Recently, news of fresh talks between Disney and Fox came to light. A deal to sell off parts and/or parcels of their comic book properties was purportedly in the works, one which might even bring the studio-maligned Fantastic Four and the tonally uneven mutants back to Marvel Studios. Fans longing for a unified Marvel Cinematic Universe, though, had their hopes dashed once again, when it was revealed that the talks had fallen apart… or have they?

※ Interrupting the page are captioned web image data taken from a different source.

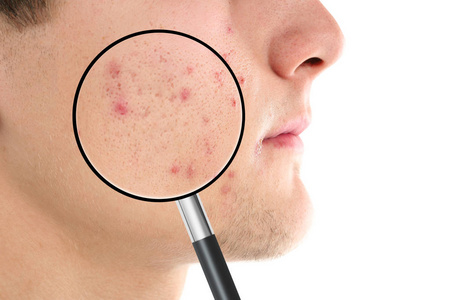 男性皮肤问题图片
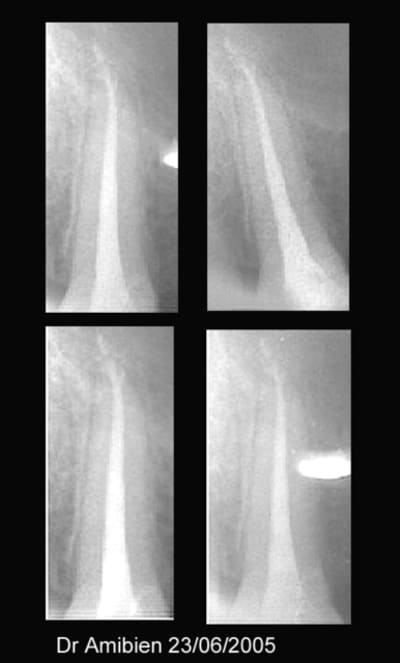 Une endo laser copy dg4ojx - Eugenol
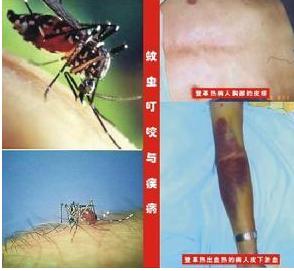 历史上的瘟疫传染病,历史上疫情持续时间最长的瘟疫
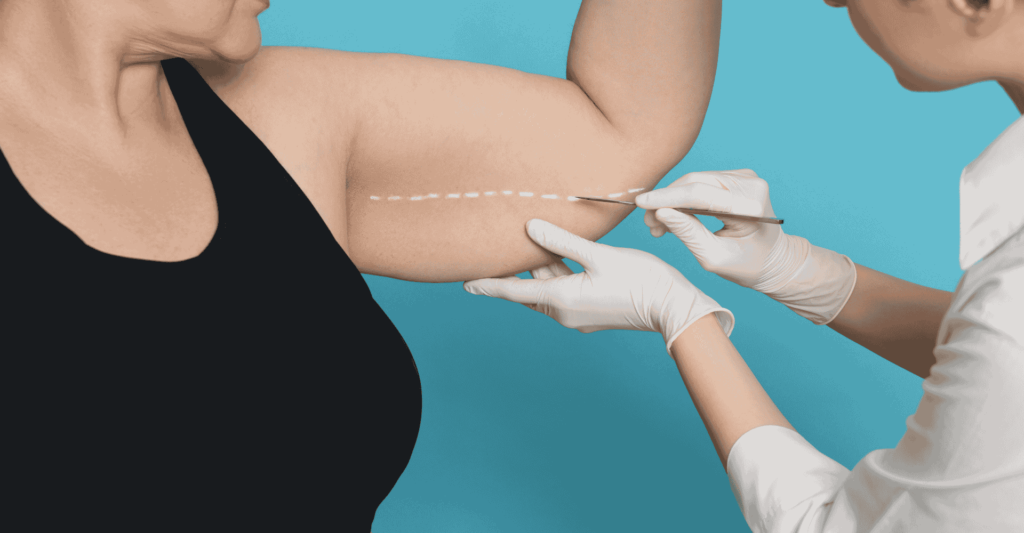 Arm liposuction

Comic book movie devotees are probably tired of reading all the speculation detailing possible ventures between Disney and other Marvel comic book rights-holders. At the same time, the recent Fox-Marvel discussion is the most significant piece of proof that a legitimate deal between the studio giants – something production head Kevin Feige has routinely dismissed or played coy about over the years – is attainable. His efforts to wheel and deal for different properties demonstrates a determined interest in securing as many comic book characters for the House of Ideas’ film wing as possible.
For instance, both studios share joint custody of Quicksilver and Scarlet Witch (although the former died off quickly and the latter has yet to appear in a Fox film – and probably won’t). To obtain Ego the Living Planet for Guardians of the Galaxy Vol. 2 (during which the Watchers also appeared), Marvel brokered an exchange that allowed FOX to tweak Negasonic Teenage Warhead’s power set to director Tim Miller’s needs. Captain Marvel’s solo flick also confirmed the use of the shape-shifting Skrulls – once assumed floating in usage limbo – and indicating further shared attributes between studios.
Clearly, the door is open: Fox and Marvel’s television wings already hashed out accords, which allowed their collaboration on The Gifted and Legion, two wildly different but extremely successful mutant series. Well-received ventures between the studios will only sweeten their relationship in the long run. Of course, this isn’t a guarantee both companies will reach a mutually beneficial shared usage agreement (a la Sony) or wholesale selloff of FOX’s Marvel personalities. The most recent meetings, while ending inconclusively, still offer hope for future collaborations and perhaps even a world-rending shift in cinematic property rights.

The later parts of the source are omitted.